Pero es la otra dimensión antidemocrática la que ahora nos ocupa, y preocupa; aquella que tiene que ver con los términos que el neoliberalismo define para la lucha política con sus contrarios. Y, aunque mucho de lo que señalemos a continuación puede ser perfectamente aplicado a la lucha partidaria, queremos centrarnos más en cómo se da ésta en cuanto a la relación que establece con el sindicalismo y su obsesión por su destrucción. De hecho, siempre ha considerado la posible fuerza de los sindicatos como un obstáculo mayor en sus fines e intereses de dominio absoluto que los propios partidos políticos tradicionales del sistema; de ahí precisamente su fijación en la eliminación y destrucción del sindicalismo.

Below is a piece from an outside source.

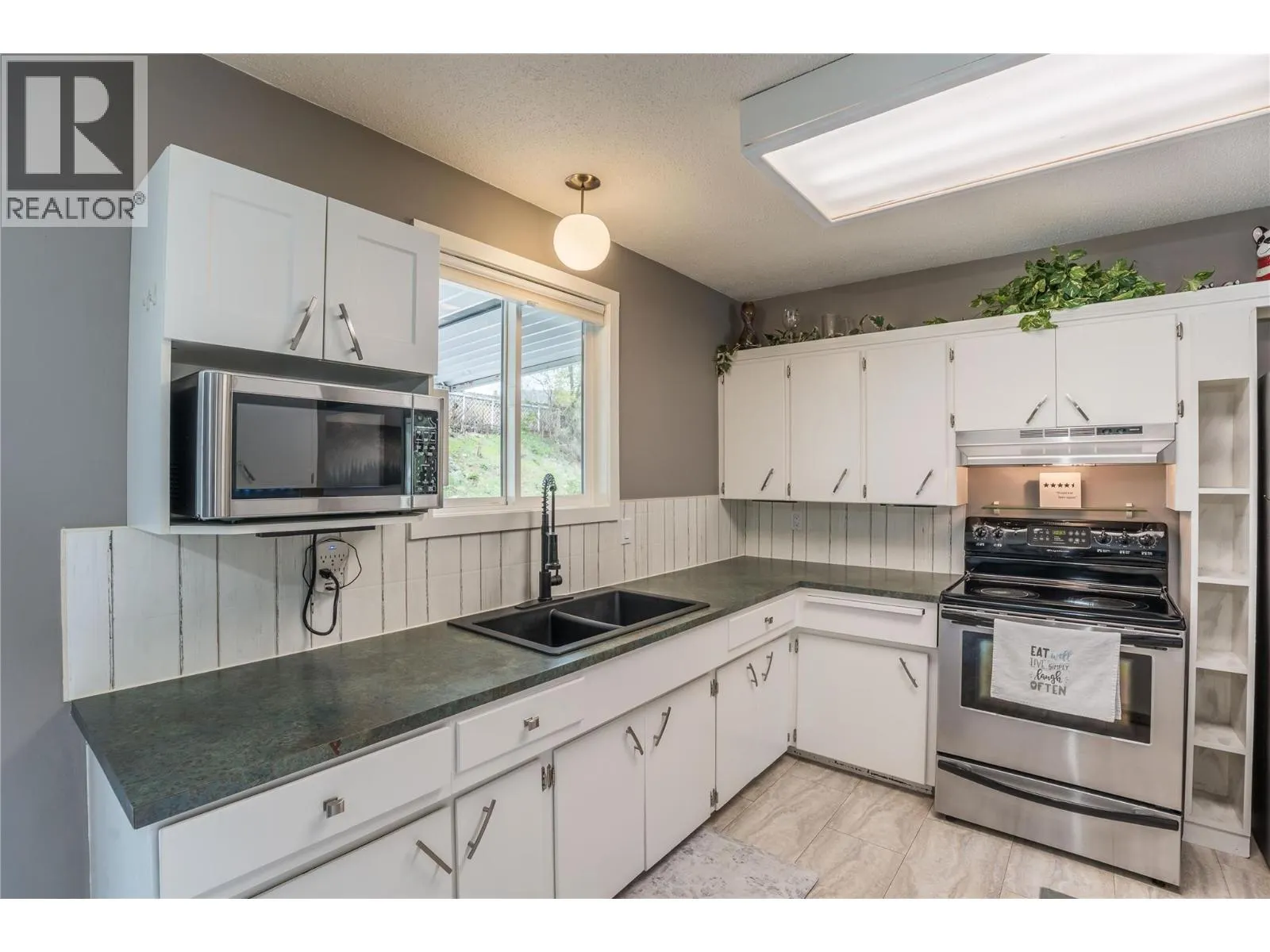 12408 CAMPBELL Crescent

El neoliberalismo actúa hacia los sindicatos mediante dos mecanismos o formas fácilmente identificables: la cooptación o la eliminación. Una de las posiblemente mejores (y más cínicas) descripciones de la cooptación la hizo en su día el político socialdemócrata español Alfonso Guerra, cuando señaló que «el que se mueva no sale en la foto»; es decir, si te desvías de lo que el sistema propone, te quedas totalmente fuera y ahí hace mucho frío (y no hay subvenciones, ni desayunos de trabajo, ni desplazamientos pagados, ni tarjetas black, ni…). A partir de ahí, y una vez integrados en el sistema, el neoliberalismo deja patente la inexistencia de la lucha política entre iguales y ésta solo es apariencia entre unos y otros pero sin afectar realmente a la posibilidad de cuestionamiento profundo del modelo (fuera de éste nada existe). A la sociedad, a la ciudadanía, se la hará creer que opta en libertad, pero siempre entre opciones definidas por el sistema. Como decíamos anteriormente todo esto es aplicable plenamente a la inmensa mayoría de las fuerzas políticas clásicas, pero también, y eso es lo que aquí nos interesa, absolutamente ajustable hoy a la mayor parte de los sindicatos: o se está dentro del sistema (cooptado) o se buscará su eliminación.
Así, las fuerzas sindicales poco coherentes con sus postulados de defensa de los intereses de las personas trabajadoras, han sido mayoritariamente cooptadas por el sistema para pasar a ser meras correas de transmisión del mismo. Ningún cuestionamiento y acción profunda contra las injusticas más evidentes, contra los brutales recortes de derechos laborales, sindicales y políticos, contra el progresivo empobrecimiento y aumento de la desigualdad. A lo sumo, leves críticas a las consecuencias, pero sin llegar nunca al cuestionamiento de las causas estructurales, pues supondría la irremediable impugnación, y por lo tanto acción consecuente, del modelo dominante. Y para aquellas fuerzas sindicales que no asumen el sistema neoliberal, la estigmatización y la eliminación, tal y como nos demuestra cualquier repaso de hechos y acciones acontecidas en este campo durante el proceso de implantación del neoliberalismo.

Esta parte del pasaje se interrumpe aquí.